Prepare for ‘all-out war,’ N Korea’s Kim tells troops

Prepare for ‘all-out war,’ N Korea’s Kim tells troops

North Korean leader Kim Jong-Un (C) waves from a boat during his visit to the Jangjae Islet Defence Detachment and Mu Islet Hero Defence Detachment on the front, near the border with South Korea, southwest of Pyongyang March 7, 2013 in this picture released by the North's official KCNA news agency in Pyongyang March 8, 2013. REUTERS/KCNA

North Korean leader Kim Jong-un called on his troops March 8 to prepare for “all-out war” after declaring it was voiding non-aggression pacts with South Korea and severing a hotline with Seoul.

As tension continues to rise on the Korean peninsula, Kim Jong-un has visited a frontline unit that shelled the South in 2010 and said the North’s military was “fully ready to fight a Korean-style, all-out war.”

Pictured with binoculars, Kim stressed “the need for soldiers to keep themselves fully ready to go into action to annihilate the enemy any time an order is issued and instructed them to deal deadly blows at enemies and blow up their positions,” North Korean state media reported. He inspected artillery units on Mu Island that shelled the nearby South Korean island of Yeonpyeong in November 2010, killing four people and triggering an exchange of fire that sparked fears of a full-blown conflict.

Footage of the visit showed him being greeted by chanting troops who were held back as they surged toward him. Their families brought their children to meet him, with one woman encouraging her daughter forward for a hug. At the end of the trip, the soldiers ran down to the beach and waded chest deep into the freezing water clutching at Kim’s motor launch as it moved away.

North would perish

South Korea quickly condemned its neighbor. “If North Korea attacks South Korea with a nuclear weapon, Kim Jong-un’s regime will perish from the earth,” Defense Ministry spokesman Kim Min-seok said. “Although atomic bombs were used twice in the past to end World War II, if a nuclear bomb is used against a free and democratic society...then mankind would not forgive it.”

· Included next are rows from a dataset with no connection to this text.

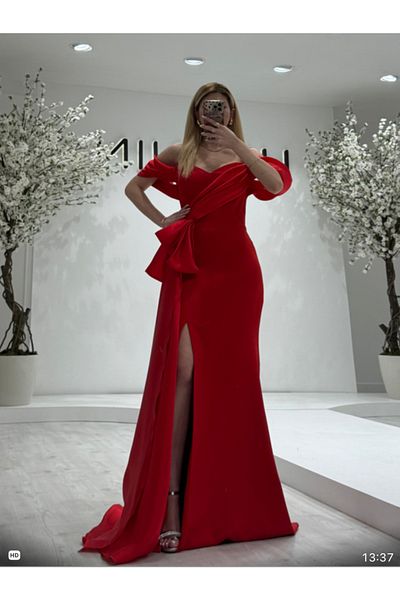 Hennin Evening dress
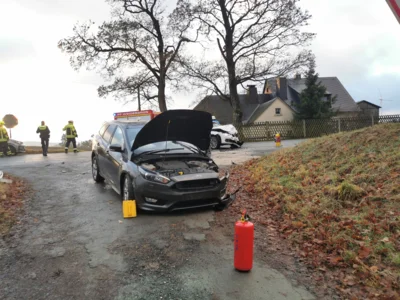 Foto des Albums: VU mit PKW am Kreuzhaus am 01.12.2025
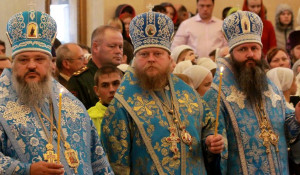 В барнаульском храме св. Димитрия Ростовского прошла божественая литургия, в которой принял участие патриарх московский и всея Руси Кирилл.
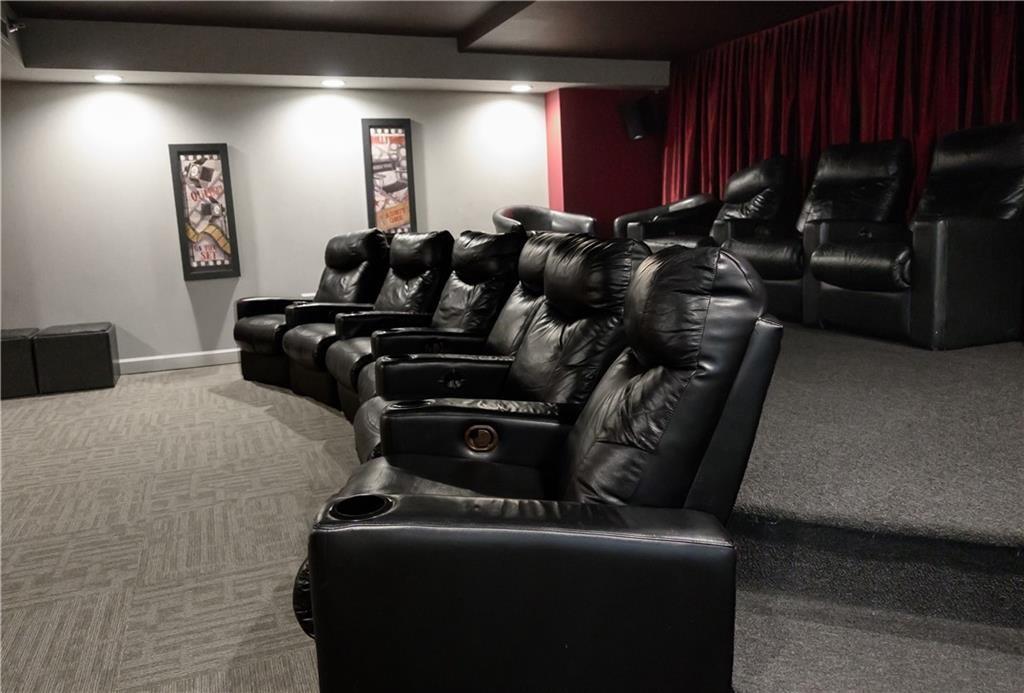 600 E Admiral Boulevard Property Photo 12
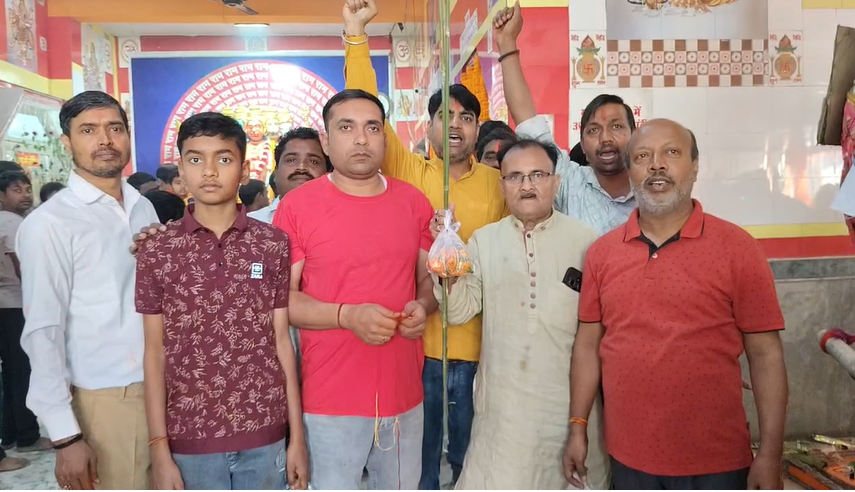 Thousands of devotees gathered in Hanuman temple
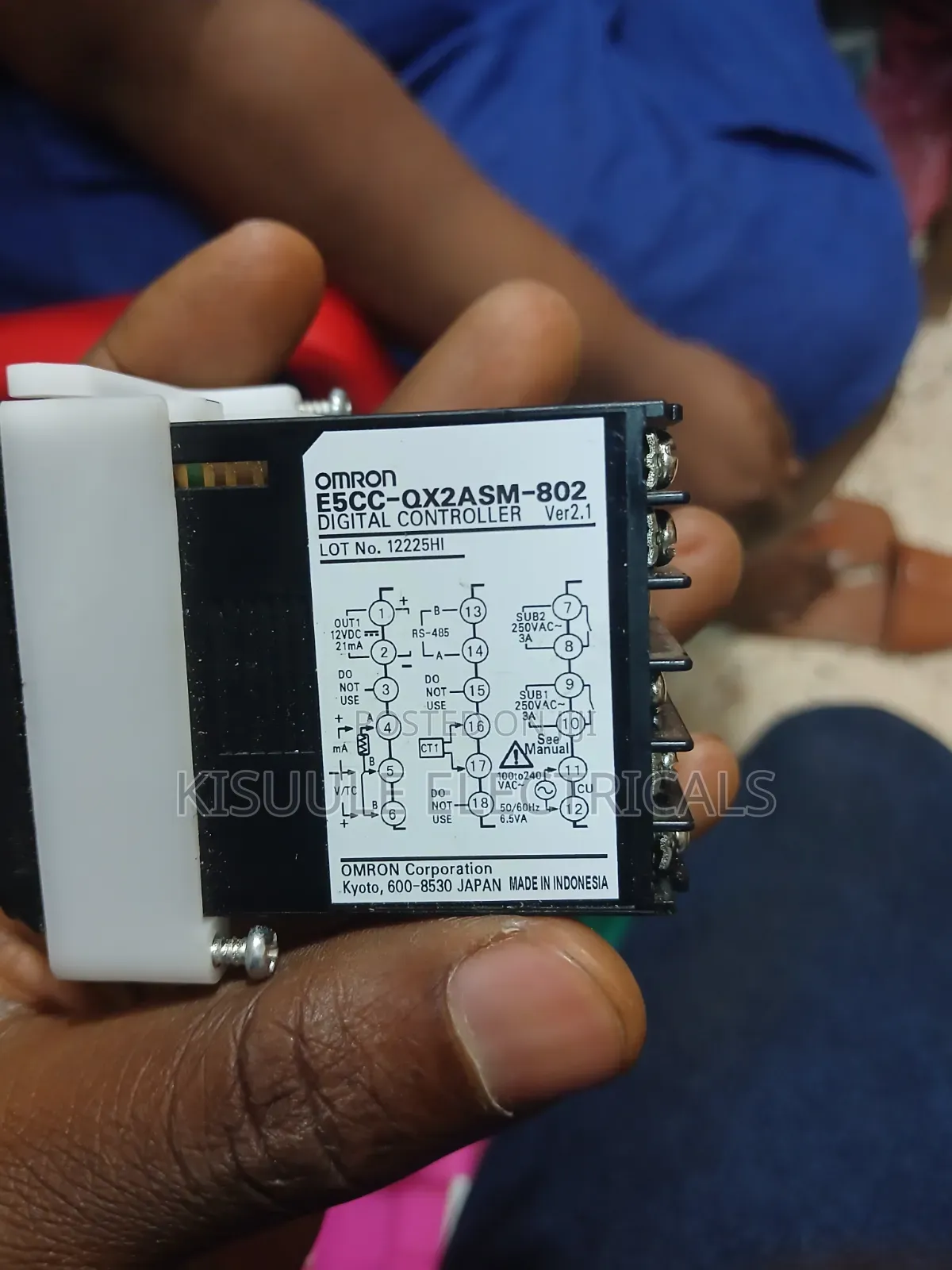 Omron Temperature Controllers E5cc-Qx2asm- 802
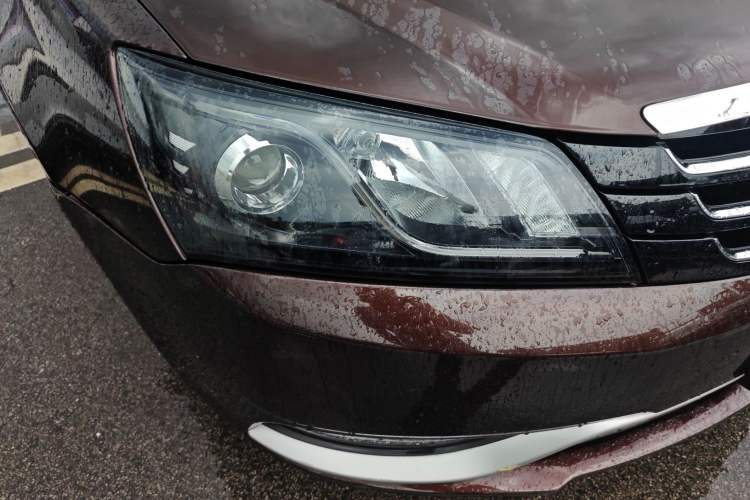 Used Geely Auto Emgrand 2014 Sedan 1.5L CVT Elite Model Right Front Headlight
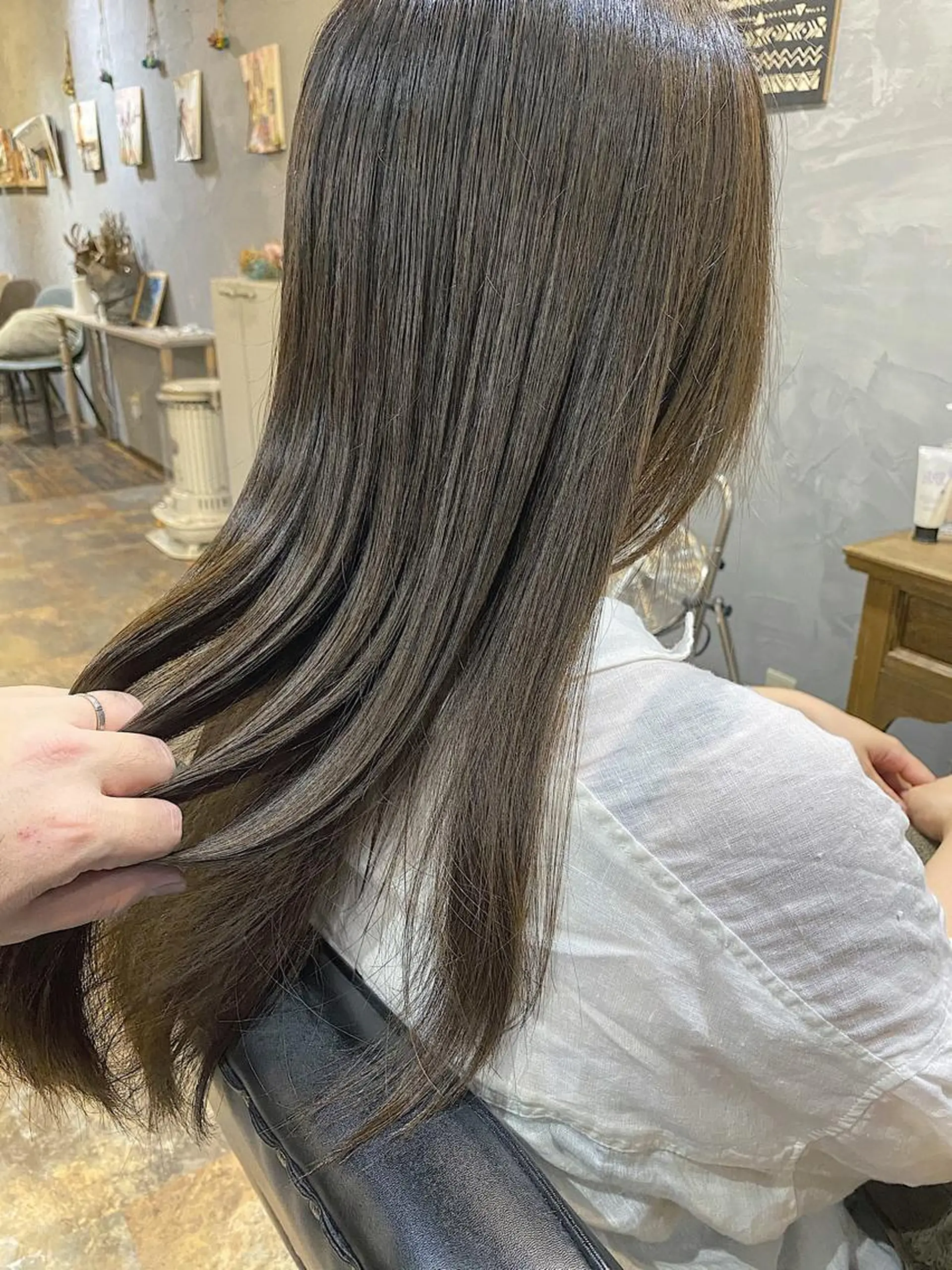 ロング カラー ベージュカラー 透明感カラー ハイライトカラー ハイライト カット ヘアカラー トリートメント 山口 浩之のヘアスタイル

China also stepped in on the tension, calling for “calm and restraint” and to avoid actions that might further escalate tensions.

Kim’s call came after North Korea announced a vow to scrap peace pacts and sever a hotline with South Korea as it upped the ante after its recent atomic test in a response to new U.N. sanctions.

It has even threatened a “pre-emptive nuclear attack” against the United States and South Korea.

North Korea “abrogates all agreements on non-aggression reached between the North and the South,” the state-run Committee for the Peaceful Reunification of Korea (CPRK) said in the latest statement.

The CPRK said the pacts would be voided as of March 11, the same day that Pyongyang has vowed to rip up the 1953 armistice agreement that ended Korean War hostilities. “It also notifies the South side that it will immediately cut off the North-South hotline,” the committee said. The hotline was installed in 1971 and the North has severed it on five occasions in the past, most recently in 2010.

Seoul, Tokyo in range, not US

SEOUL - Reuters

North Korea has plenty of military firepower even if its threat this week of a pre-emptive nuclear strike on the United States is a hollow one, with South Korea most at risk from the isolated regime’s artillery and rockets.

Japan, separated by less than 1,000 kilometers of water and a frequent target of North Korea’s ire, is also in easy range of Pyongyang’s short- and mid-range missiles. Experts say North Korea is years away from being able to hit continental America with a nuclear weapon despite a decades-long push toward an atomic capability.

North Korea has around 12,000 artillery guns, many arrayed near the border. It also has an arsenal of intermediate range missiles in operational deployment, some of which can travel more than 3,000 kilometers. That puts South Korea and Japan in range as well as the U.S. territory of Guam.

In pure numbers, North Korea’s military looks formidable, much larger than the more affluent South in both personnel and equipment. The North’s 1.2 million soldiers face off against 640,000 South Korean troops who are backed up by 26,000 U.S. personnel stationed in the country.

However, Pyongyang’s capabilities are not what the figures would suggest. North Korea has all but abandoned running a conventional military that can engage in sustained battle because of scare resources and has instead focused on nuclear weapons and ballistic missile technology, experts say.